There have been a few people who have terminated apprenticeships because they felt that the Gild wasn’t reconstructionist enough. However, this has been rare.  Most of the time people end up seeing that reconstructionism has a place within the Gild and that the Gild can support reconstructionist work to a point.  The larger thing is that we aren’t limited by it, and so while Master such as myself explore the past relatively rigorously, some others apply our findings
in more contemporary ways.

Skepoet: That is an helpful and thanks for clearing that up.   Are there any trends in the Heathenry right now that you find particularly positive?

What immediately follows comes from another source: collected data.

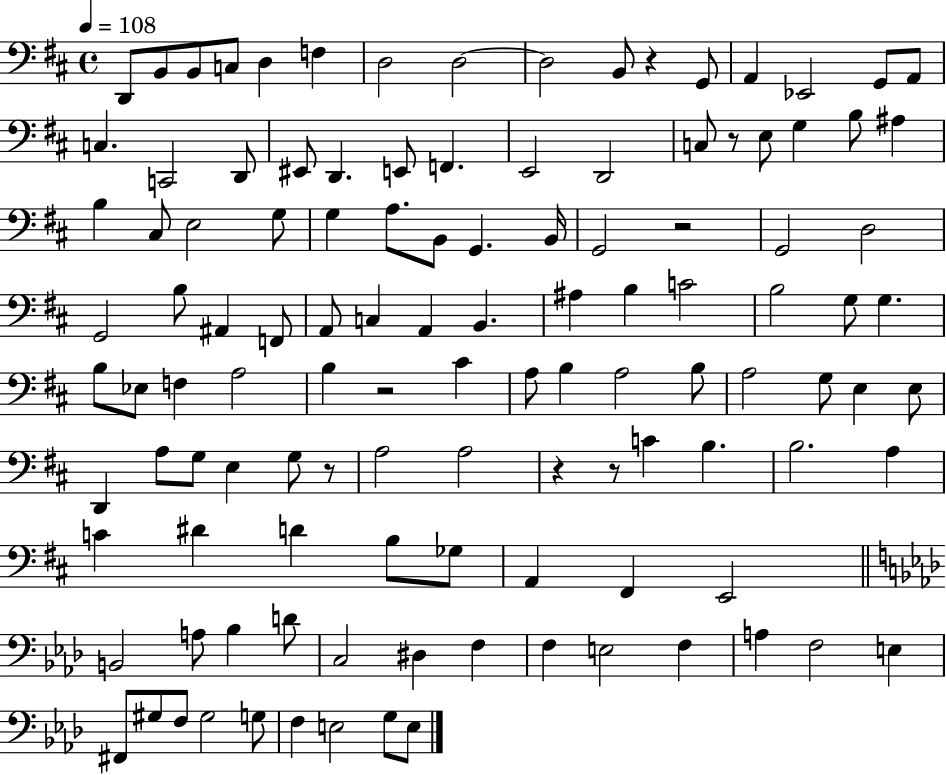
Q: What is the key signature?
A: D major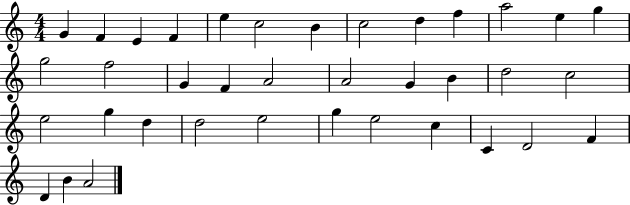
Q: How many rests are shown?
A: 0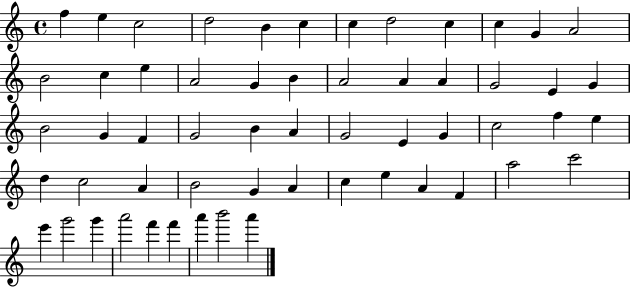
X:1
T:Untitled
M:4/4
L:1/4
K:C
f e c2 d2 B c c d2 c c G A2 B2 c e A2 G B A2 A A G2 E G B2 G F G2 B A G2 E G c2 f e d c2 A B2 G A c e A F a2 c'2 e' g'2 g' a'2 f' f' a' b'2 a'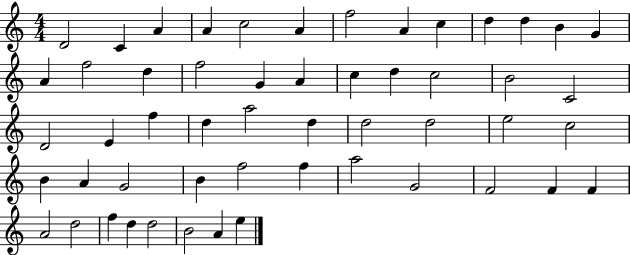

Chris Travers: I am following the greater acceptance of animal sacrifice with a lot of hope for the future.  I think that such rites done well help emphasize the relationship between life and death, and between what we eat and where it comes from.  I think it also fills a number of social
roles perhaps too numerous to list here.   Finally, eating together is the ultimate act of community so inviting the gods to a sacred meal of this sort is a reaffirmation of their place with us in a way that nothing else can take the place of it.

I have watched animal sacrifice go from something very controversial to something where there is little controversy and the obstacles are ones of competence, confidence, and logistics.  The fact that the controversy has largely fallen away and yet people are choosing to be cautious and responsible is a very positive thing, in my opinion.

Skepoet: Have you noticed any more or any less involvement with families? It seems like Heathenry in the US would be long standing enough to have multiple generations involved and people born into the tradition.

Chris Travers: I haven’t noticed a difference.  There have always been a minority group of heathens with kids in all groups I have been involved in.

Skepoet: Anything you’d like to say in closing?

Chris Travers; I’d like to address what I see as the great challenge ahead of the pagan traditions: economics.

Right now, we are seeing local groups become more widespread and stronger, but recapturing the solidarity of our tribal ancestors requires more than getting together for rituals.  It requires economic interdependence. One of the social functions the gatherings probably held in the past was as a venue for people to get together on a commercial as well as a religious basis, and enter into contracts, sell goods and services, etc.  For example the use of merchant booths
at the Allthing is well attested, and the Disthing may also have provided opportunities to trade materials etc, regarding the upcoming agricultural season.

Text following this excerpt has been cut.